You don’t get Unemployment Insurance (UI) benefits here unless you were laid off or fired through no fault of your own and you’ve worked there so many quarters already, with the exception of emergency unemployment. The UK must have a very different system. In most states here, the employers are taxed for the initial UI, only extensions and emergency UI come from all taxpayers. There are a few states where the employee is also taxed.
"languishing on benefit because work simply does not pay"
These people are "on the dole", not unemployment, from 16 or out of HS and not working.
For all the UK media I have read, I have not seen a difference between their welfare and unemployment payments.
One thing I would like to see emphasized in U.S.A. media is that when unemployment insurance runs out, qualified individuals go on welfare.
And to qualify for welfare, one usually needs to be married with kids!!

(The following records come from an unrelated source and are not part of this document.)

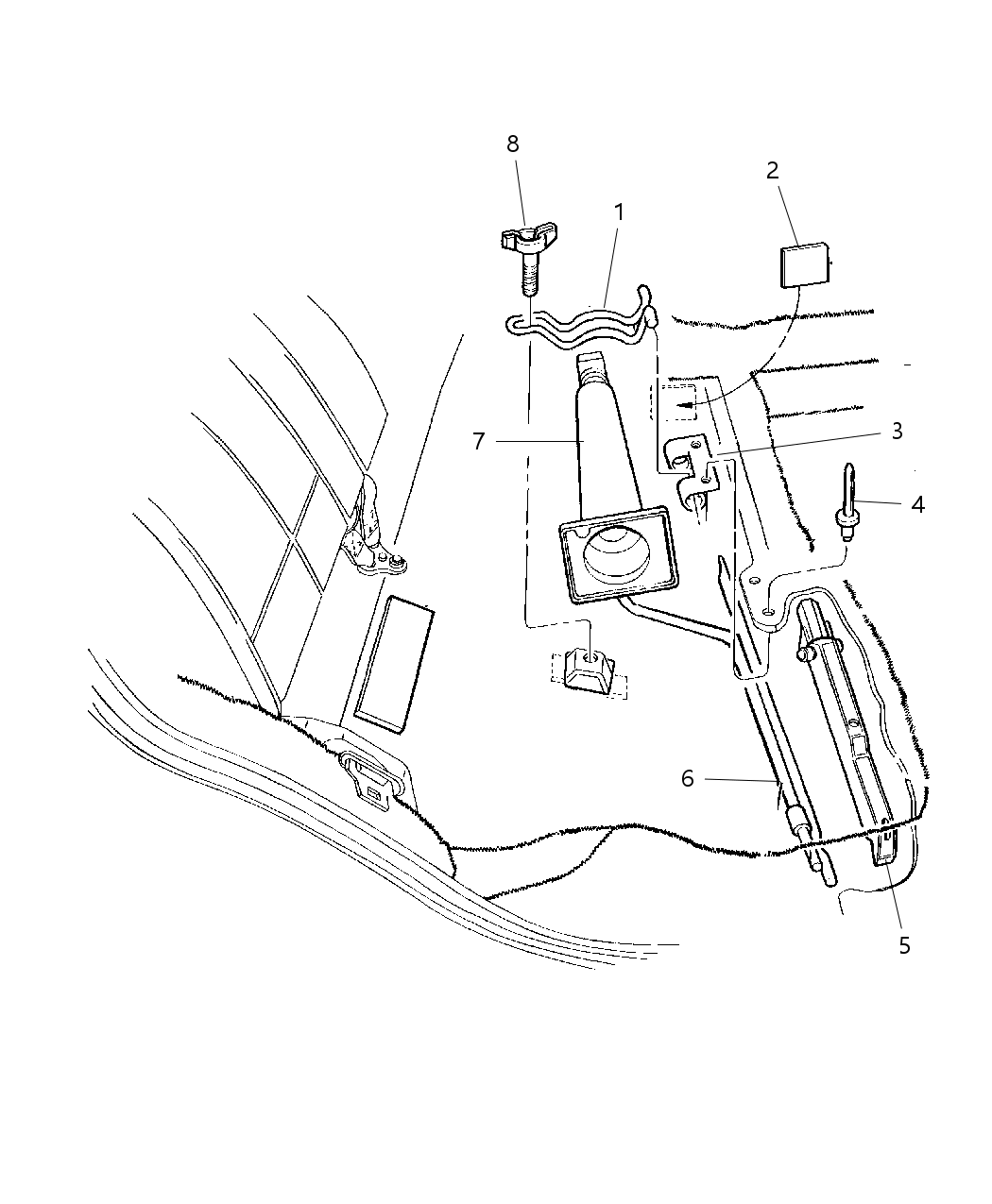 Mopar 52000221AB Jack-Jack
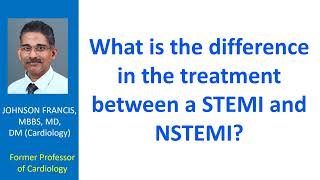 What is the difference in the treatment between a STEMI and NSTEMI [upl. by Studner]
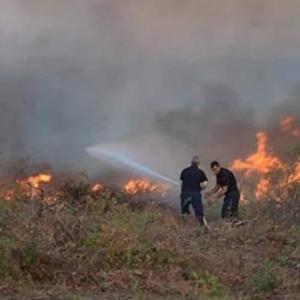 Erdemlide orman yangını kontrol altına alındı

There is no welfare for singles who have run out of unemployment insurance.
yitbos
But the same theory holds true here. I have family members who milk unemployment for everything its worth. One maxed out his 99 weeks because he couldn't find the perfect job (and lo and behold, when the benes ran out, he found a job). Another one spends 8 months a year working and 4 months a year on unemployment. Any time you give people money, there is a risk they are going to milk the system because they are not forced to work to earn it.

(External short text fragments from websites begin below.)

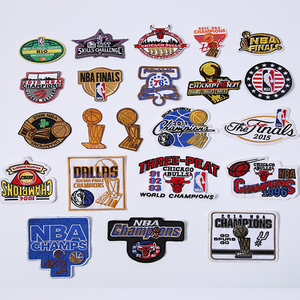 Écusson brodé en feutre polyester fait main avec logo d'équipe de l'événement NBA All-<span class=keywords><strong>Star</strong></span> pour le bricolage - Product Image 1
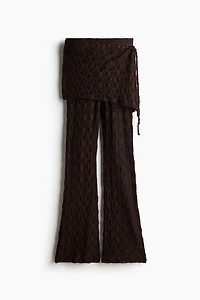 Pantalon en dentelle avec jupe superposée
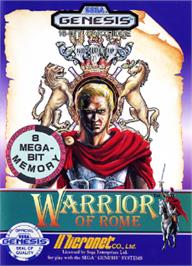 Box cover for Warrior of Rome on the Sega Nomad.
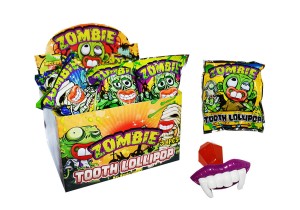 LIZAK-ZOMBIE TOOTH LOLLIPOP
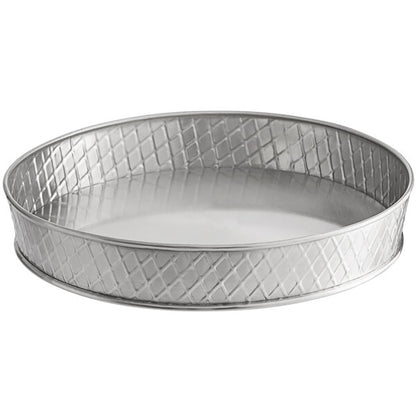 Tablecraft 10035 Lattice 10 1/2" Stainless Serving Platter – item 80810035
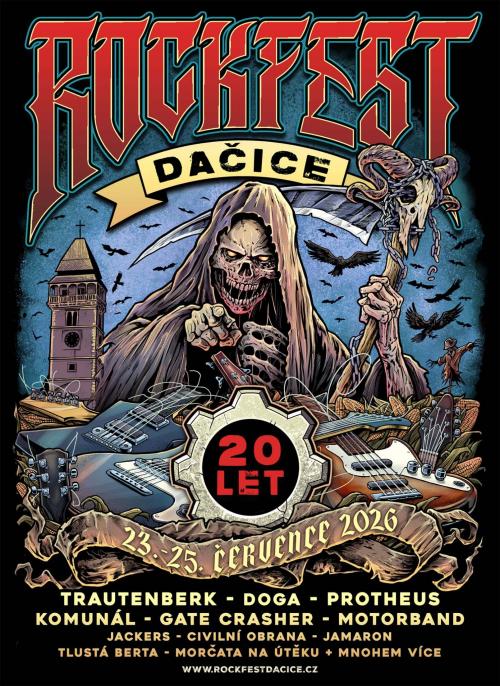 ROCK FEST DAČICE  23. - 25.7.2026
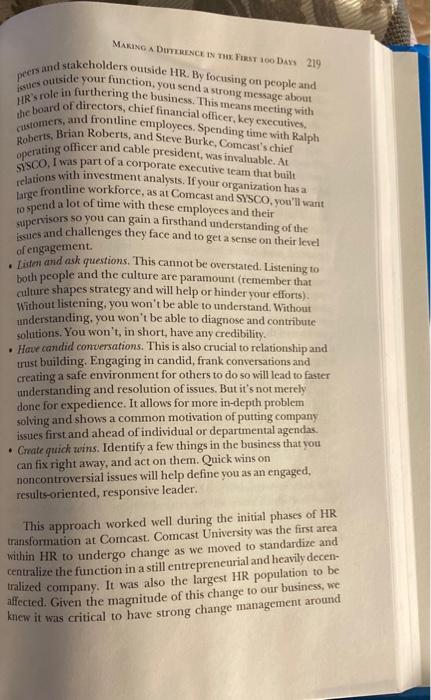 Based on the three "Keys to " discussed Chapter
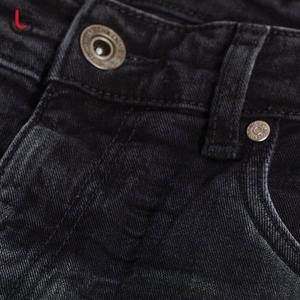 Jeans en denim de haute qualité pour hommes, style gothique, brodés, solides, respirants, légers, vintage, décontractés, coupe droite, pour l'hiver et le printemps - Product Image 5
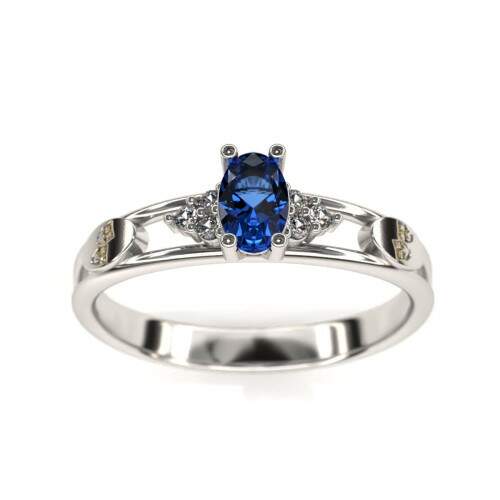 Anel de Formatura em Prata 925 - Artes Cnicas - Oval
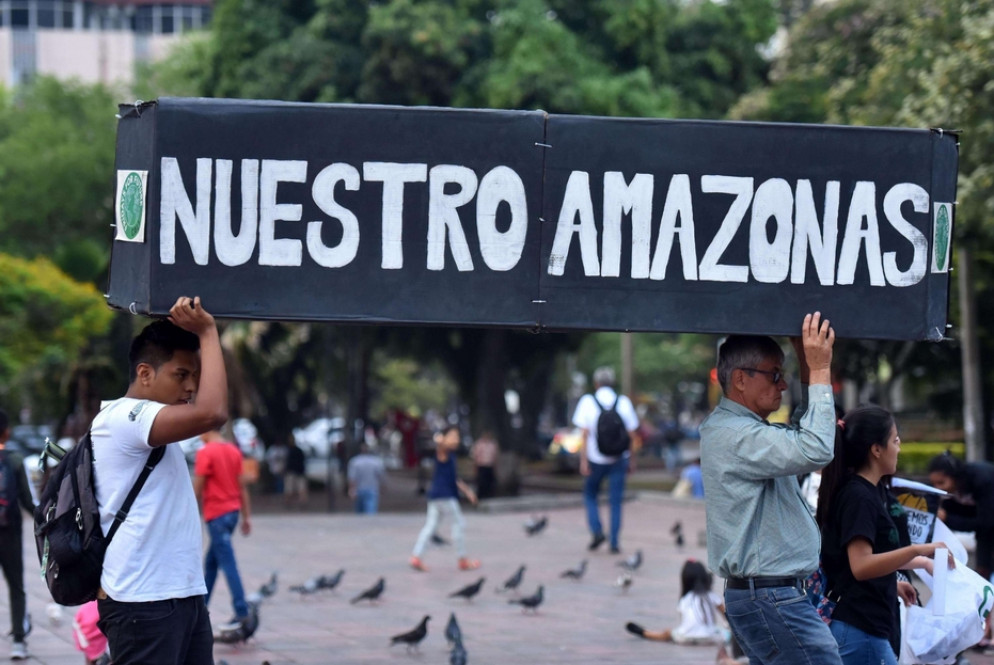 Manifestazione degli ambientalisti a Cali in Colombia - Ansa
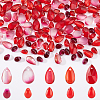 200Pcs 10 Styles Transparent Glass Pendants GLAA-GA0001-92-1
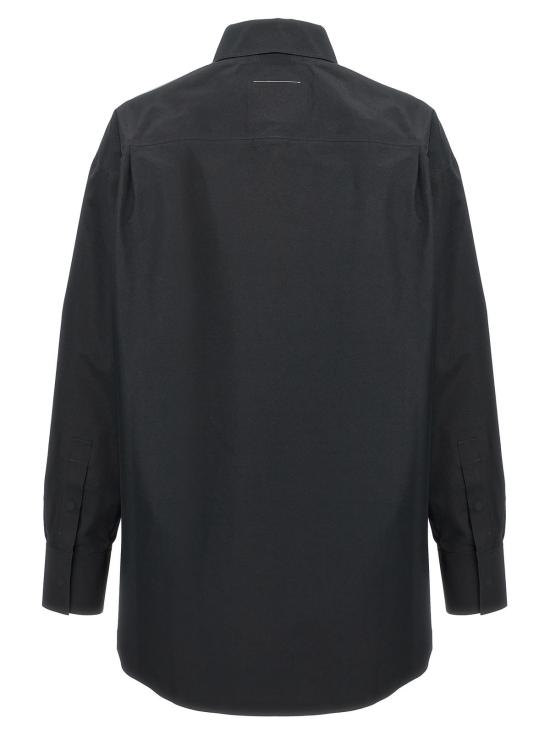  MM6 메종마르지엘라 블라우스 Mm6 메종 마르지엘라 폴리에스터  블랙 - MM6 MAISON MARGIELA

Correct. Under the US system and some others, things are different.
There are few people who suddenly take a job once benefits end, indicating that it's not just people waiting to take a job, but that the jobs are unavailable. One thing that separates the job market from a freely adjusting free market is that one usually can't just set one's sights lower and get a job, as many employers will not hire someone who is overqualified for fear they will leave if they find another opportunity.